Image-caption web data:
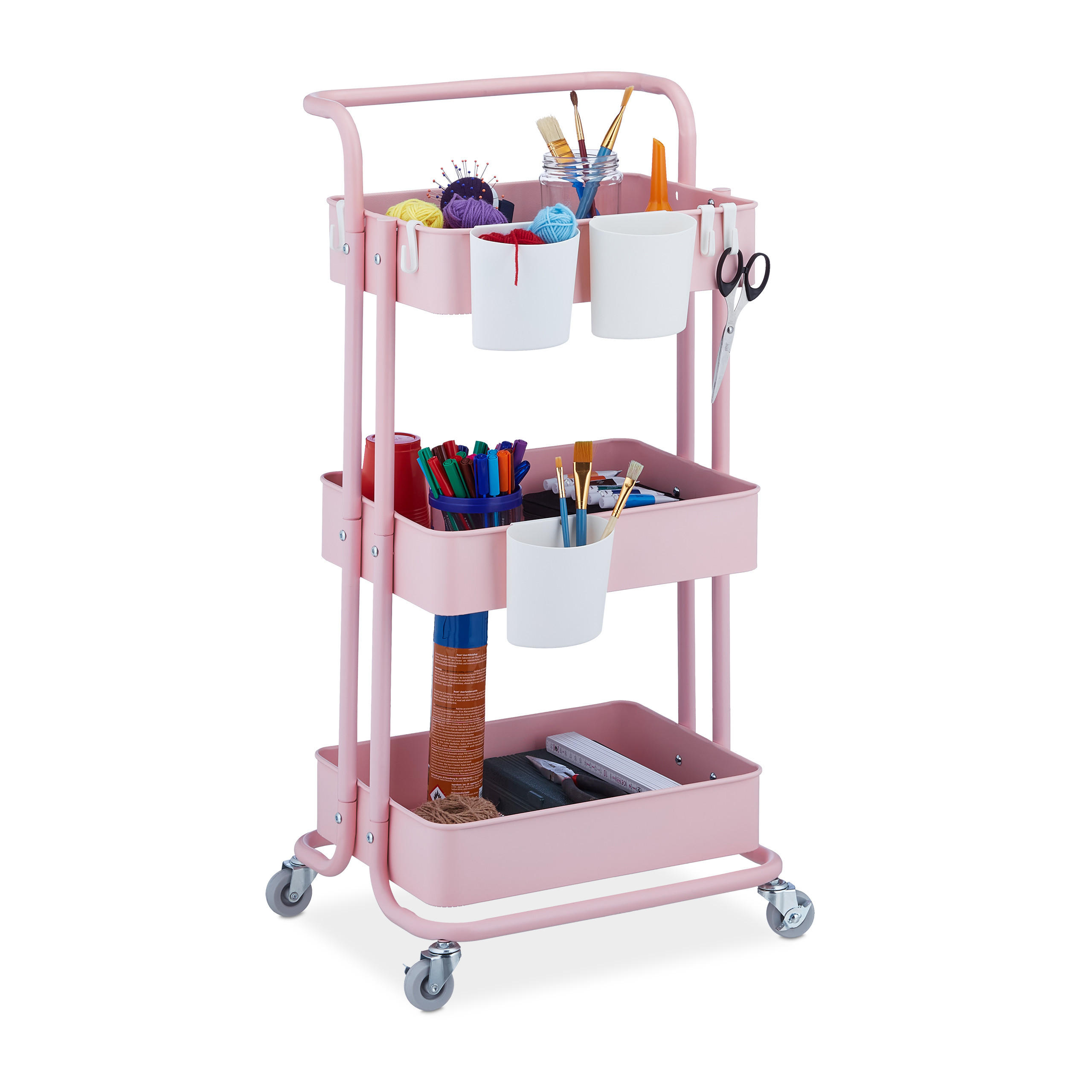 ROLLWAGEN - Rosa, Kunststoff/Textil (38/86/39cm) - Relaxdays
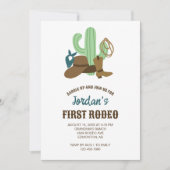 Eerste Rodeo Verjaardag 1e Cowboy Schattige Wester Kaart (Voorkant)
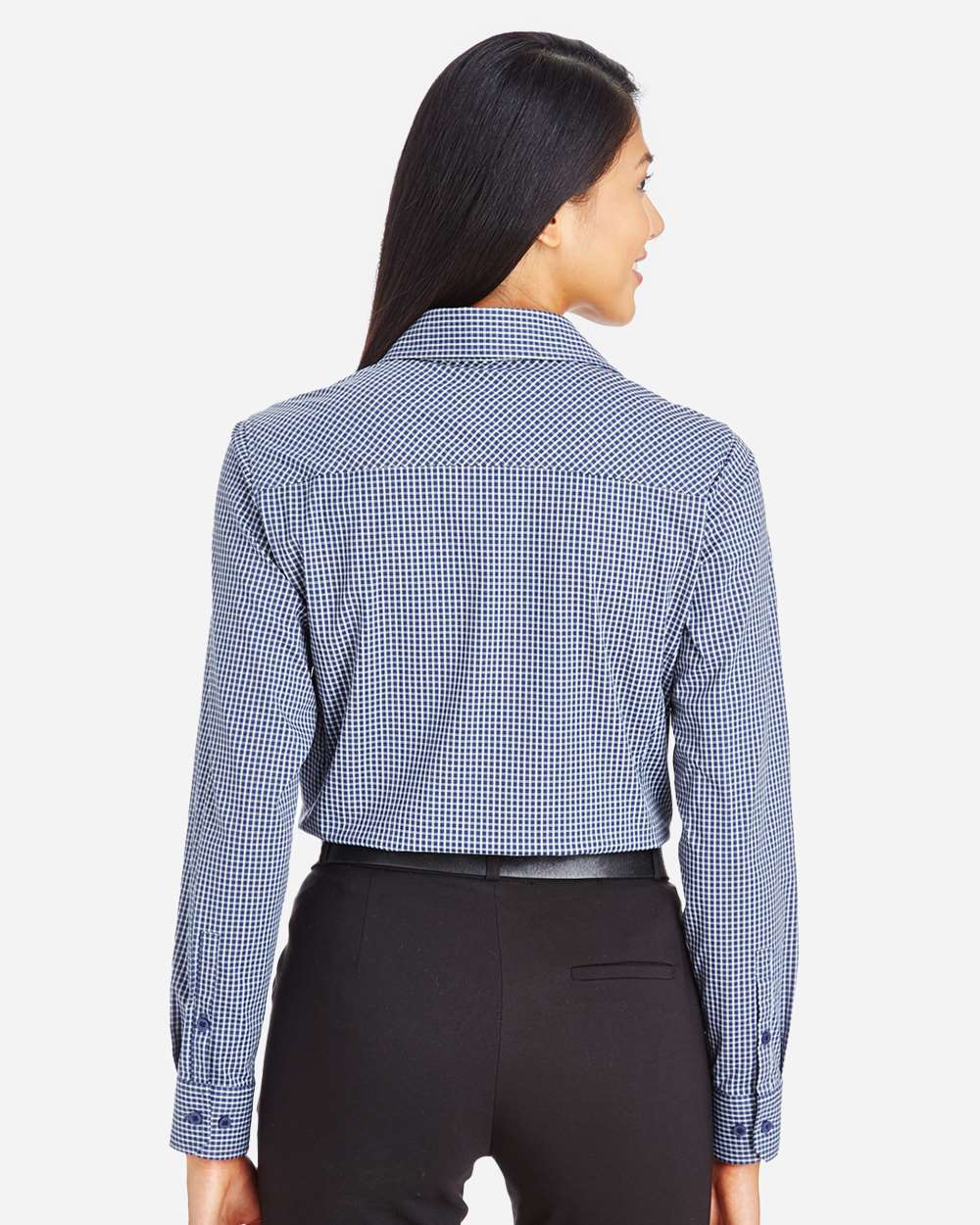 Women's CrownLux Performance® Tonal Mini Check Woven Dress Shirt - OnModelBack - B682B2652 - Navy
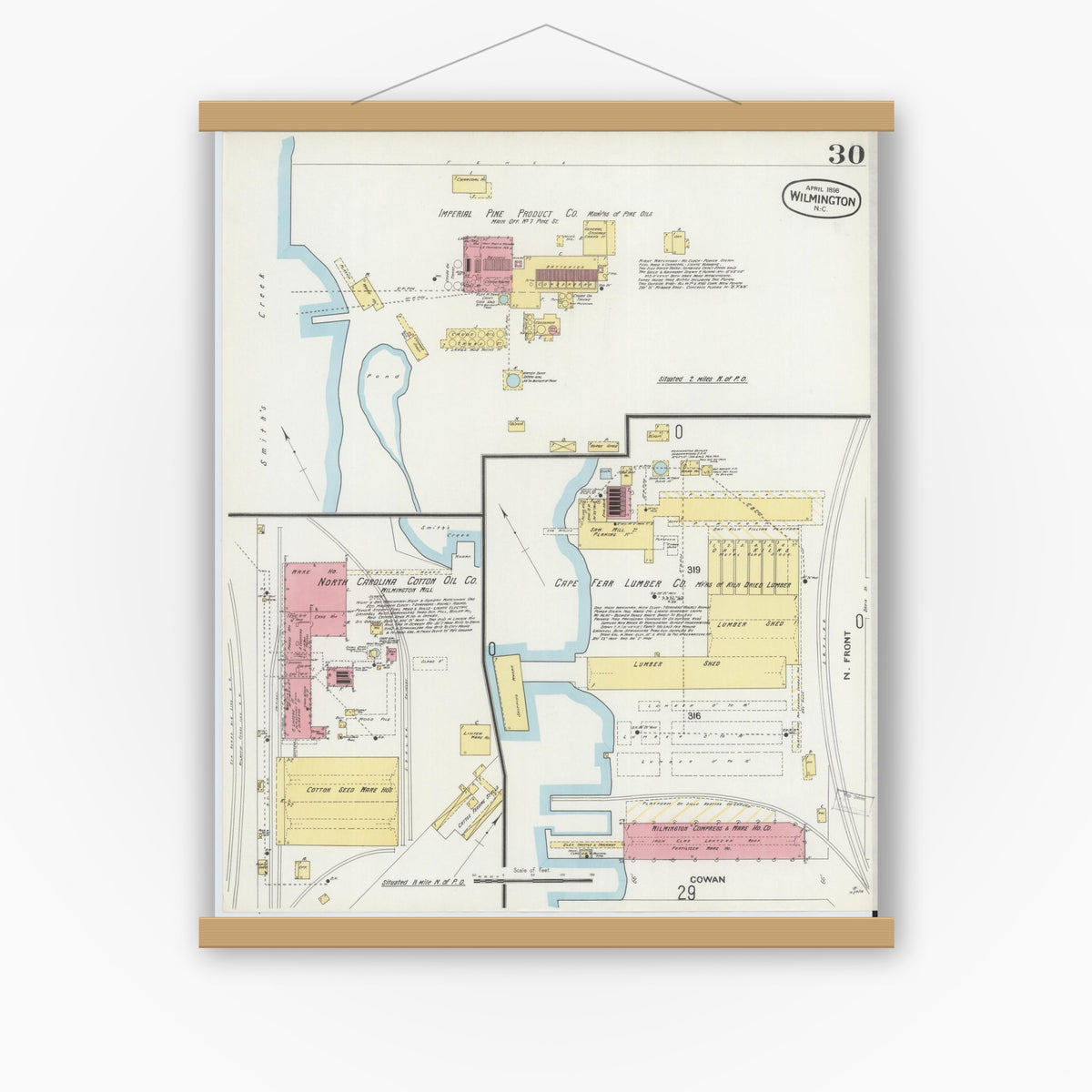 Old map wall art mockup — magnetic wood frame on white wall — Sanborn Fire Insurance Map from Wilmington, New Hanover County, North Carolina (1898), Sheet #0030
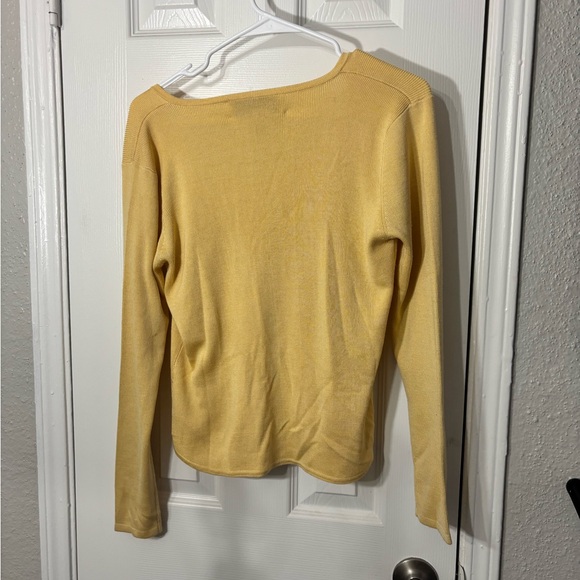 100% Silk Joseph A. Buttercup Yellow Silk Button-Front Cardigan - Picture 8 of 8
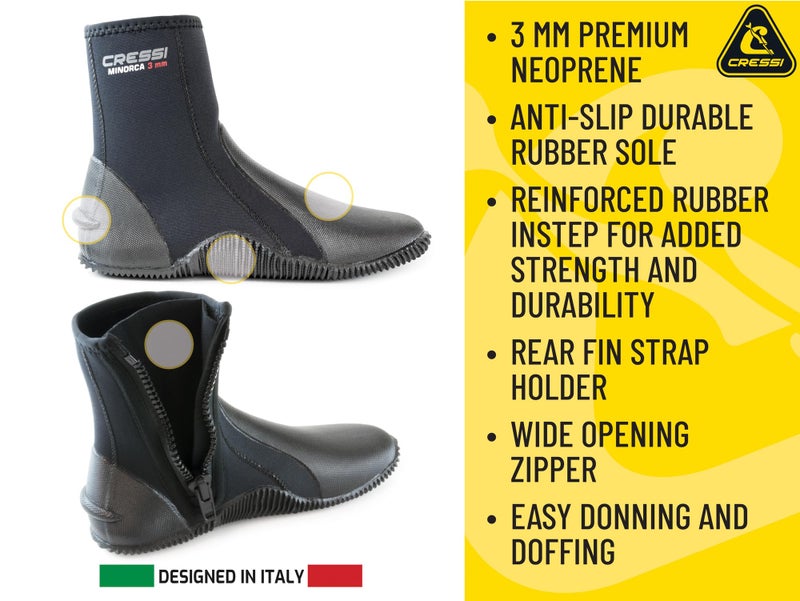 Cressi Minorca Long 3 mm Crew Diving Boots, Black/Black, US Men's 12 â€¢ US Ladies' 13 - Image 2
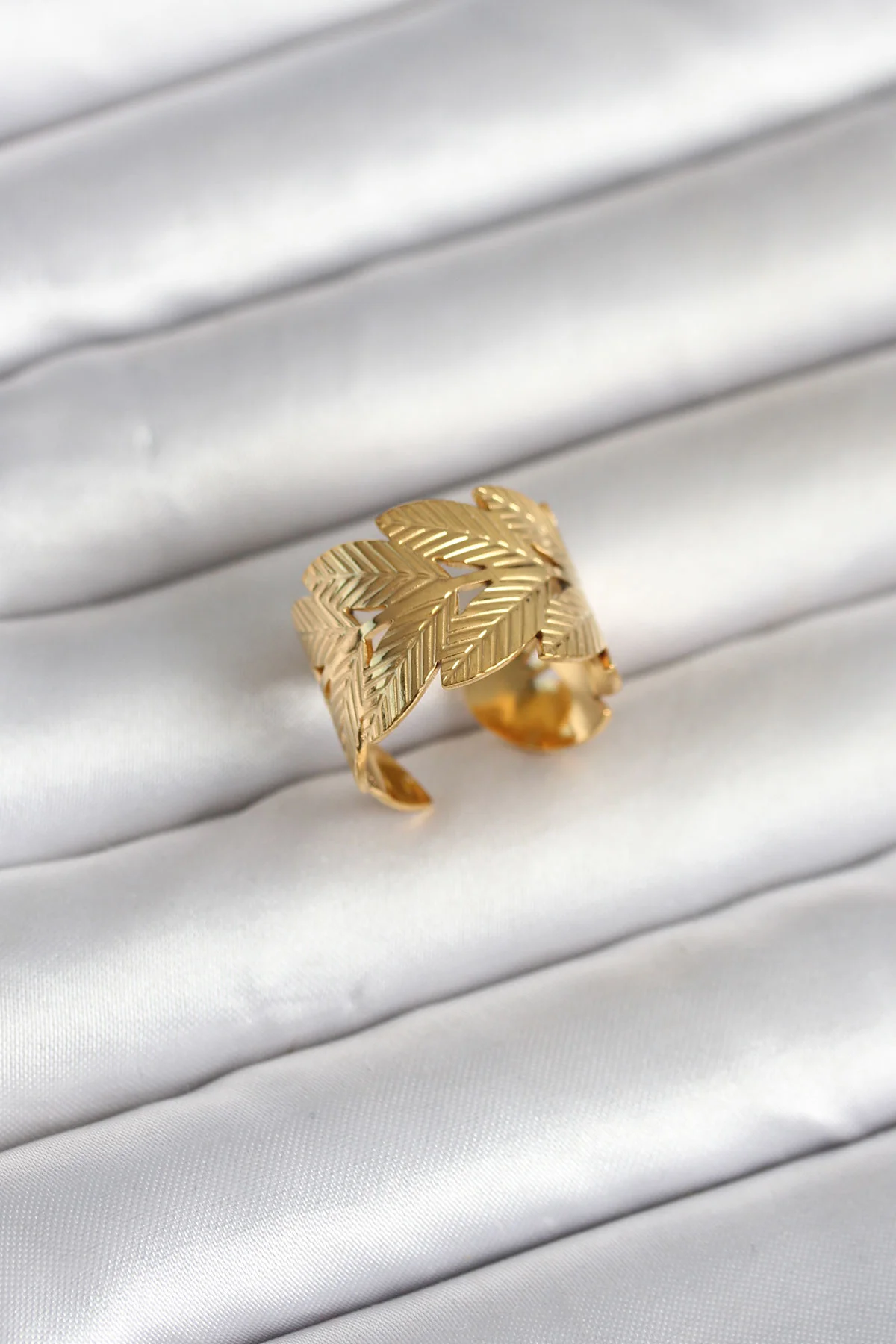 316L Çelik Gold Renk Başak Modeli Kadın Yüzük - TJ-BYK4162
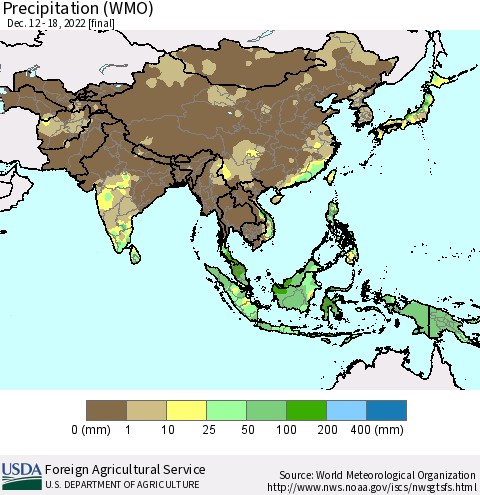 Asia Precipitation (WMO) Thematic Map For 12/12/2022 - 12/18/2022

▸ **WHAT TO DO**
Could you output all of the entries above exactly? Leave the pictures out.

▸ **SOLUTION FOR THIS TASK**
 ROLLWAGEN - Rosa, Kunststoff/Textil (38/86/39cm) - Relaxdays
 Eerste Rodeo Verjaardag 1e Cowboy Schattige Wester Kaart (Voorkant)
 Women's CrownLux Performance® Tonal Mini Check Woven Dress Shirt - OnModelBack - B682B2652 - Navy
 Old map wall art mockup — magnetic wood frame on white wall — Sanborn Fire Insurance Map from Wilmington, New Hanover County, North Carolina (1898), Sheet #0030
 100% Silk Joseph A. Buttercup Yellow Silk Button-Front Cardigan - Picture 8 of 8
 Cressi Minorca Long 3 mm Crew Diving Boots, Black/Black, US Men's 12 â€¢ US Ladies' 13 - Image 2
 316L Çelik Gold Renk Başak Modeli Kadın Yüzük - TJ-BYK4162
 Asia Precipitation (WMO) Thematic Map For 12/12/2022 - 12/18/2022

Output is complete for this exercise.